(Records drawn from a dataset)
"""

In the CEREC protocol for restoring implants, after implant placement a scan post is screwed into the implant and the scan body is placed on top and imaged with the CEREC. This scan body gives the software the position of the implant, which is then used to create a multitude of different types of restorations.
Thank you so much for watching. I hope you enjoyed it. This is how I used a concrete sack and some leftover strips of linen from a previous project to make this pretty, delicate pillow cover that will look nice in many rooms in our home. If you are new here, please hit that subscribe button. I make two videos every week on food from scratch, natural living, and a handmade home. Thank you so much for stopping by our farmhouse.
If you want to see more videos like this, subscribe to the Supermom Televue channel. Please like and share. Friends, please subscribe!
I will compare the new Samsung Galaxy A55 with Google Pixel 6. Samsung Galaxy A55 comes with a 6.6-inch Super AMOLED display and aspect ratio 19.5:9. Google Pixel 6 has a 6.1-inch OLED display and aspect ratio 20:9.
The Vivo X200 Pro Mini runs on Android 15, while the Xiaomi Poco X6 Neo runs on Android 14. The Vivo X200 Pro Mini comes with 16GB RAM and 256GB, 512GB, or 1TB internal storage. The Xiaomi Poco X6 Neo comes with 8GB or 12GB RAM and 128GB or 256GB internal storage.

"""
"""

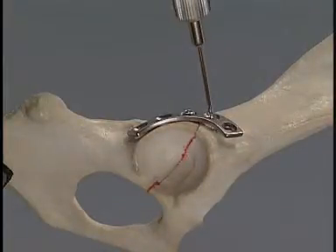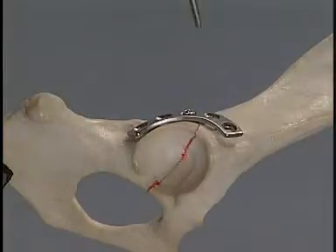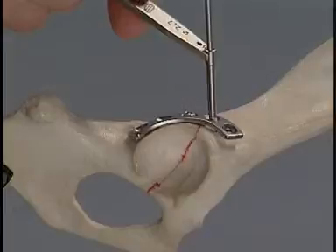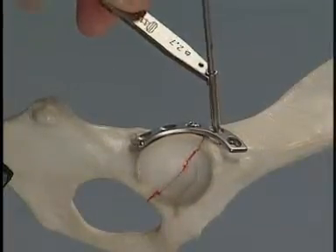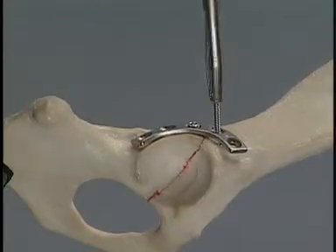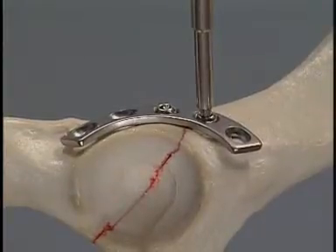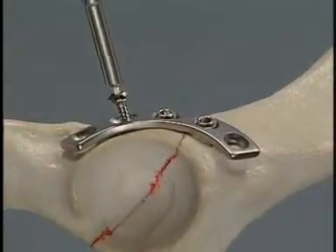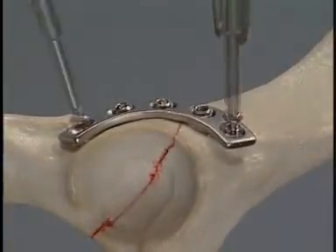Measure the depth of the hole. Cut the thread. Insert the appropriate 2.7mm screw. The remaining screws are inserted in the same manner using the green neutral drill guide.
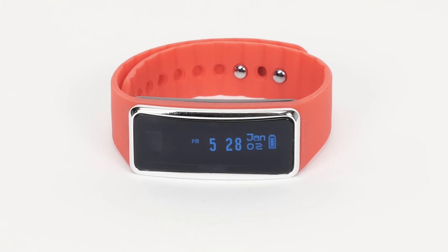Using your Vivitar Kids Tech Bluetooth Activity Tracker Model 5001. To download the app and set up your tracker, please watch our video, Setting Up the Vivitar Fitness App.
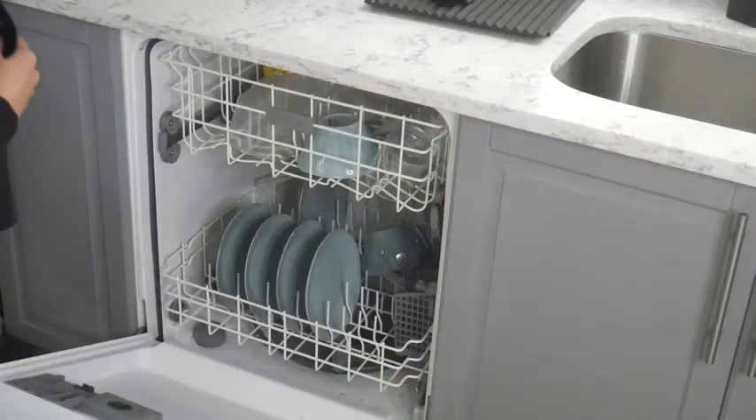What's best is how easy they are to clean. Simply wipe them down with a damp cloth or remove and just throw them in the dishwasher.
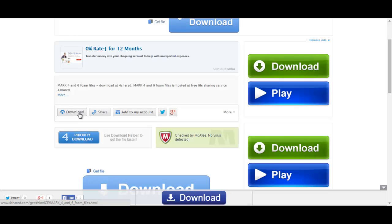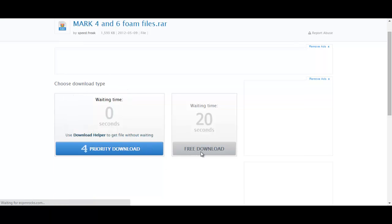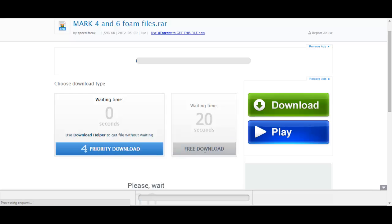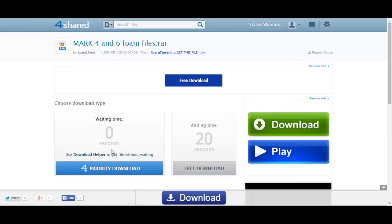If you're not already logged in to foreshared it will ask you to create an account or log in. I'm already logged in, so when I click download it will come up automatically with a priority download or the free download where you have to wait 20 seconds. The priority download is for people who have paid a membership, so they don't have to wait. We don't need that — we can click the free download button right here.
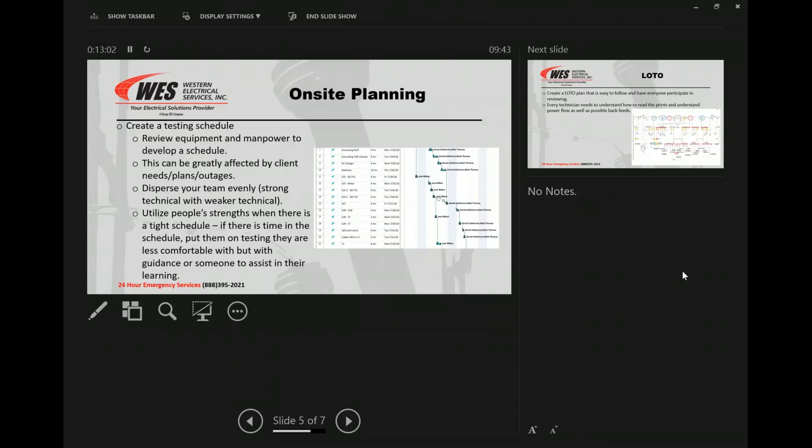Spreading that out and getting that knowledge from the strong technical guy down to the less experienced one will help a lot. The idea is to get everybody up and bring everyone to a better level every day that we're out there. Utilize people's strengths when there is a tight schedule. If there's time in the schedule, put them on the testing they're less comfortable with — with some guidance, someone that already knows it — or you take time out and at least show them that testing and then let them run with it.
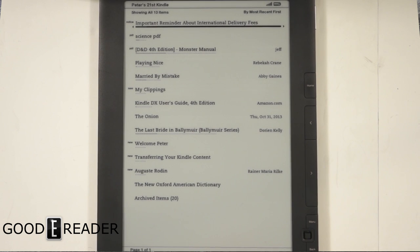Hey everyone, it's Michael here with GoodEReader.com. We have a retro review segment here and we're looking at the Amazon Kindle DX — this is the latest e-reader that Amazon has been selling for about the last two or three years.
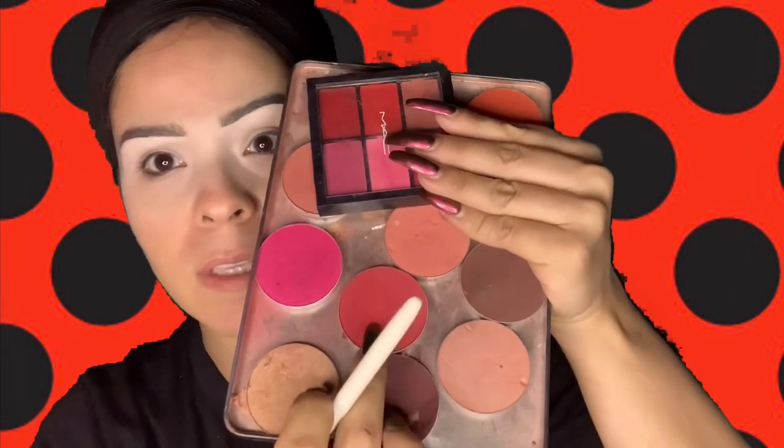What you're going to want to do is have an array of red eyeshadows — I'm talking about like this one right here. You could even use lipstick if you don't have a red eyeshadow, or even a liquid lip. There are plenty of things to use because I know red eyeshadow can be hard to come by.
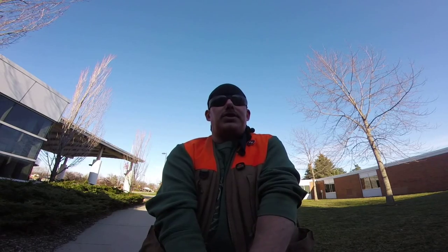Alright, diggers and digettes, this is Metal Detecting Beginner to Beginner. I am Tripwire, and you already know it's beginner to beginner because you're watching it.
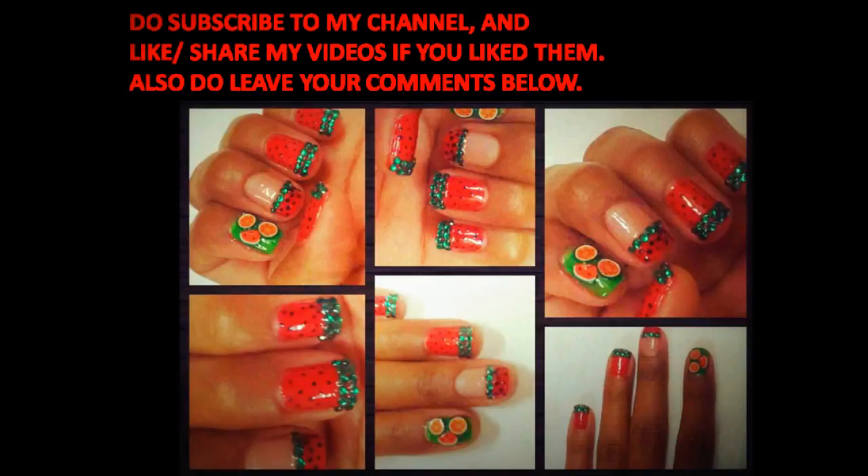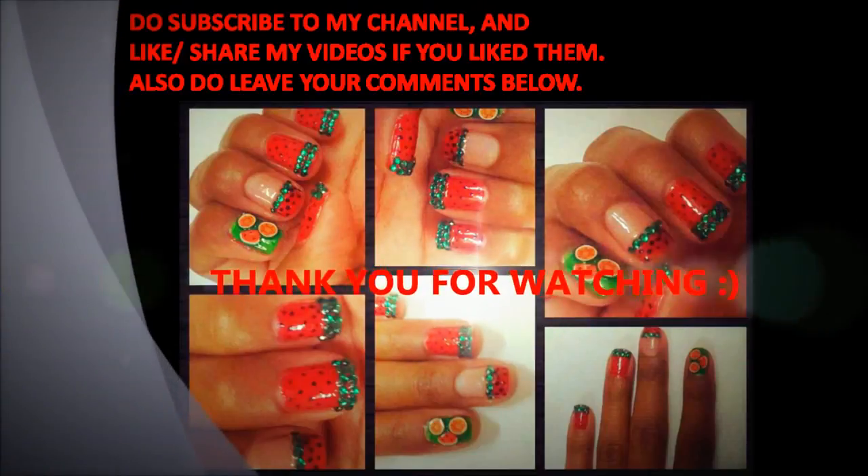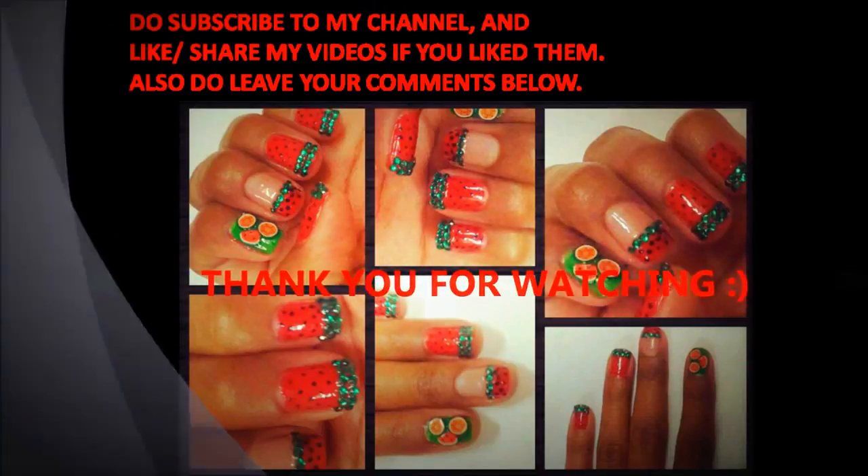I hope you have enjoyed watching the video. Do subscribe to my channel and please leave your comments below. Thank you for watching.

"""
"""

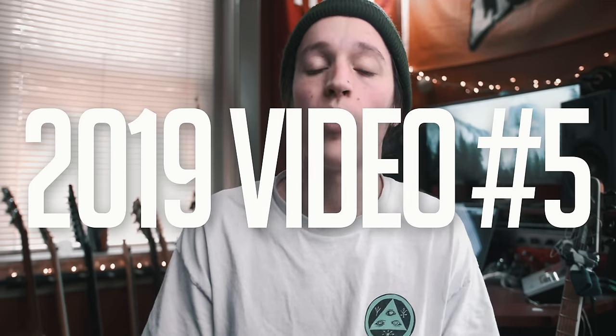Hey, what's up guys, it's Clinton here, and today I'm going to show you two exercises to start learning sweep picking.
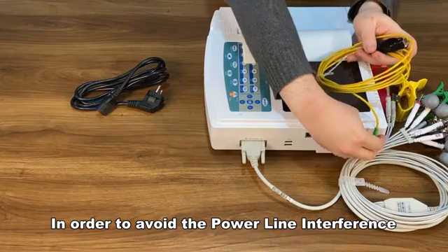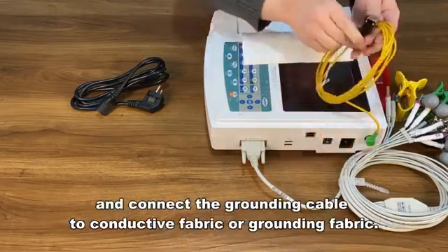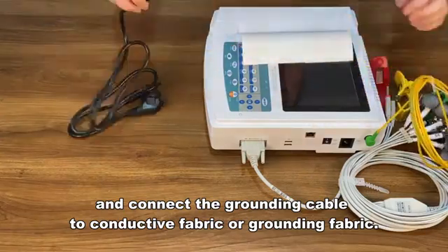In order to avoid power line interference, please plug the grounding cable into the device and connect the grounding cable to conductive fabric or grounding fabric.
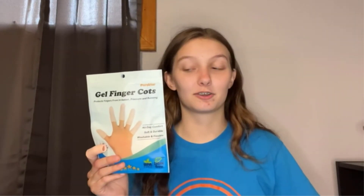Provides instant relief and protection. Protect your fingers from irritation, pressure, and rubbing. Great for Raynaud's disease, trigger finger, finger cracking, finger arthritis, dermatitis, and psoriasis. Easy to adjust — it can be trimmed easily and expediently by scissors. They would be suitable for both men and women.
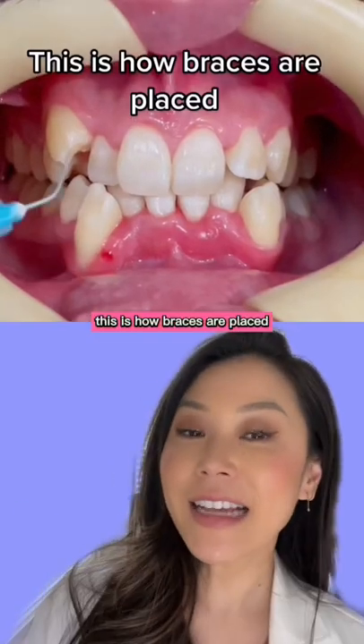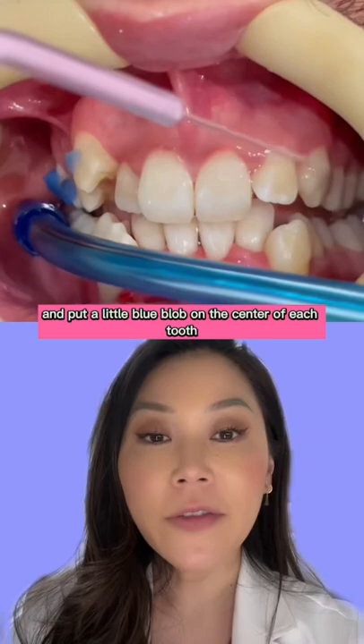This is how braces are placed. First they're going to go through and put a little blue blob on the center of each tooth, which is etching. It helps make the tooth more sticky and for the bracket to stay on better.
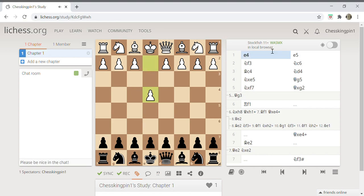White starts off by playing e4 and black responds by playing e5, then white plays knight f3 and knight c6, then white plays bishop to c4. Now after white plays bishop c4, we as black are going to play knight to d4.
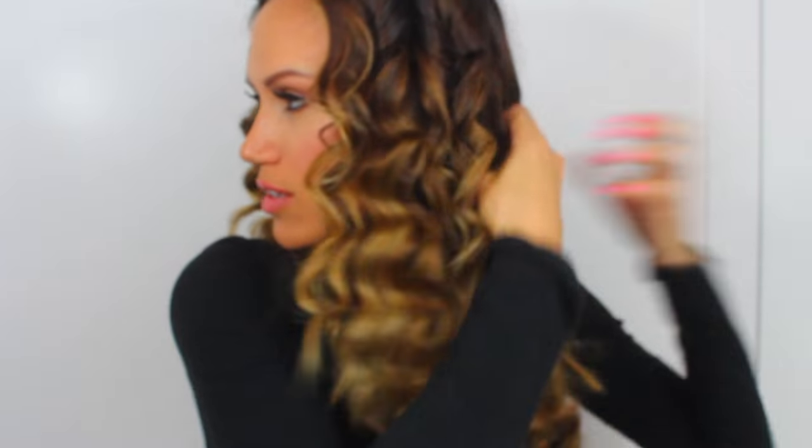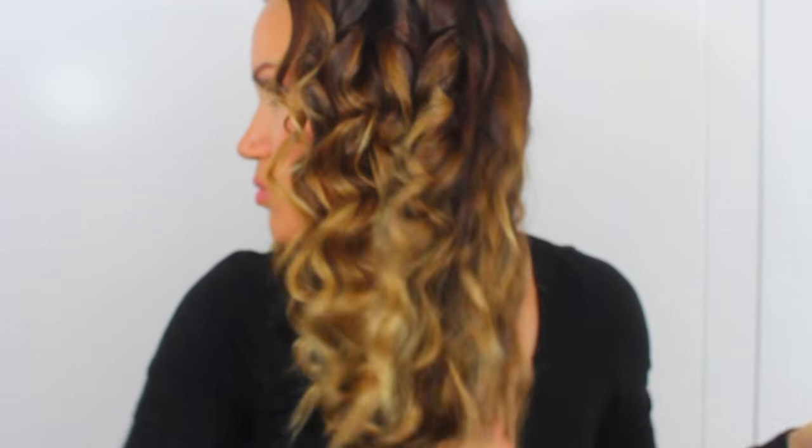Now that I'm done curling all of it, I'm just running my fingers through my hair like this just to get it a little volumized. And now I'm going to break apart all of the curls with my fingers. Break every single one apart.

"""

**What you will do:** Retype exactly, and only, the lines above from the one where "If you want" occurs up to and including the one where "I will compare" occurs.

**Completed exercise:**
If you want to see more videos like this, subscribe to the Supermom Televue channel. Please like and share. Friends, please subscribe!
I will compare the new Samsung Galaxy A55 with Google Pixel 6. Samsung Galaxy A55 comes with a 6.6-inch Super AMOLED display and aspect ratio 19.5:9. Google Pixel 6 has a 6.1-inch OLED display and aspect ratio 20:9.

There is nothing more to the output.